朝永平助の葬儀で香典泥棒をして・・・色仕掛けで・・・蘭丸から逃れたというのがキスの真相らしい・・・。
ミヤビが・・・追いつめられた原因をターさんこと高木社長に求め・・・殺意を抱いてもおかしくない状況だった。
高木社長の指先に付着していた白粉はミヤビの白粉と成分が一致する。
そして・・・「ミヤビと高木社長が部屋にいるところを見た」という少年の証言が・・・ミヤビを追いつめるのだった。
なぜか・・・少年の証言によって・・・心を決めた様子のミヤビである。
「私が・・・高木さんを殺しました」
犯行を認める供述を開始するミヤビ・・・。
その結果に激しく動揺する少年・・・と少年のような蘭丸。
だが・・・それは・・・まだ・・・事件の真相ではないらしい。
何しろ・・・前後篇である。
これはまだ前編の終わりなのである。
ニサスだからである。
事件を聞きつけ・・・蘭丸を迎えにやってきた京大薬学部教授の朝永竜助(宅麻伸)・・・。

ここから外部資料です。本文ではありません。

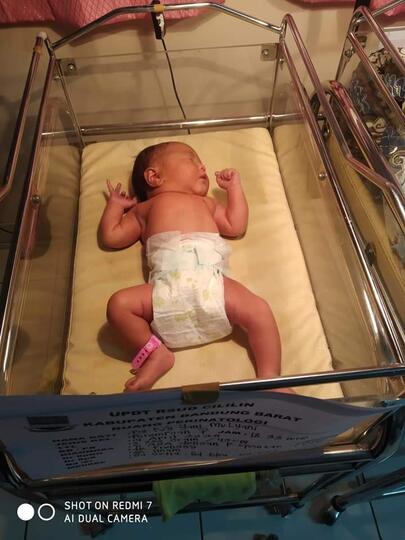Gara-gara Salah Diagnosa Bayi Lahir Sungsang Dan Nyawa Hampir Melayang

「結局・・・蘭丸は凡人だった・・・大木凡人だ」とお約束のギャグを述べる竜助に甕棺墓くんと寛治は反発する。
「蘭丸は天才です」
舌の分析能力を父親の前で披露するように求める二人。
「さあ・・・いつものように口にだして」
変なセリフを言わされる甕棺墓くんだった。
しかし・・・蘭丸の舌に・・・支障が生じていた。
何も感じなくなってしまた・・・神の舌である。